- **AIM OF THE TASK**:
All pictures are to be omitted while the lines starting at the line with "Gold Tone Pink" and ending at the line with "Tại sao bạn" in the material below are retyped exactly, both ends included.

### DATA LISTING

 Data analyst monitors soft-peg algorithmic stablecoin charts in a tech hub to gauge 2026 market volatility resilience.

######
### DATA LISTING

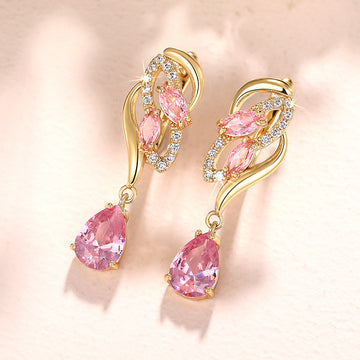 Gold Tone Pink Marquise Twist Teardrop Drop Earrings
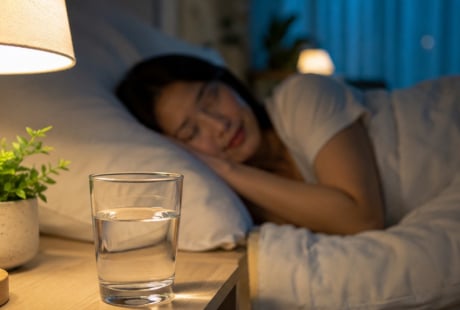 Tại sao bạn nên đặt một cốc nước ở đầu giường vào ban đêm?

######
### DATA LISTING

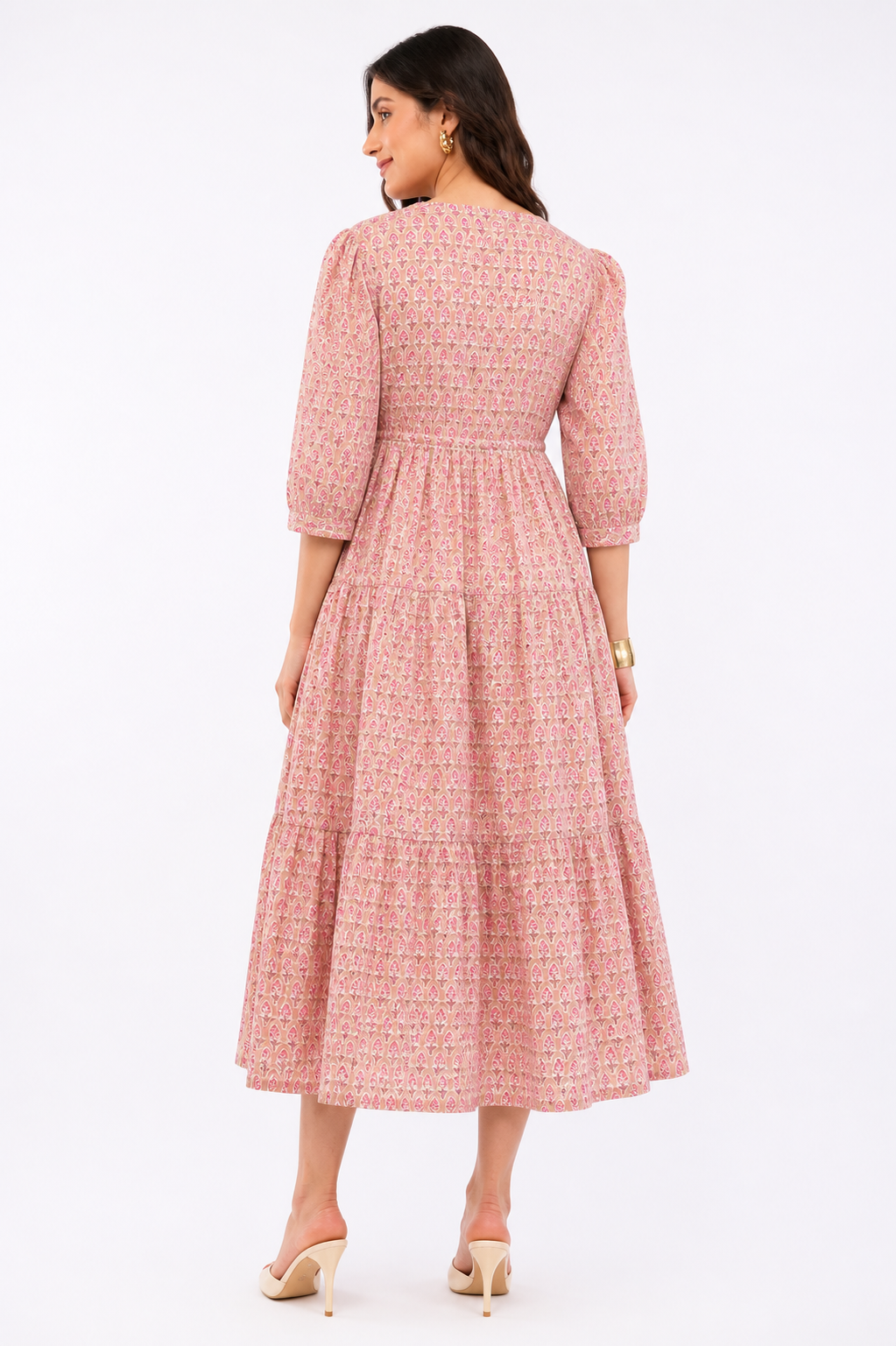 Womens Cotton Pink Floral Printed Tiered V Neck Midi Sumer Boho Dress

######

- **ANSWER BELOW**:
 Gold Tone Pink Marquise Twist Teardrop Drop Earrings
 Tại sao bạn nên đặt một cốc nước ở đầu giường vào ban đêm?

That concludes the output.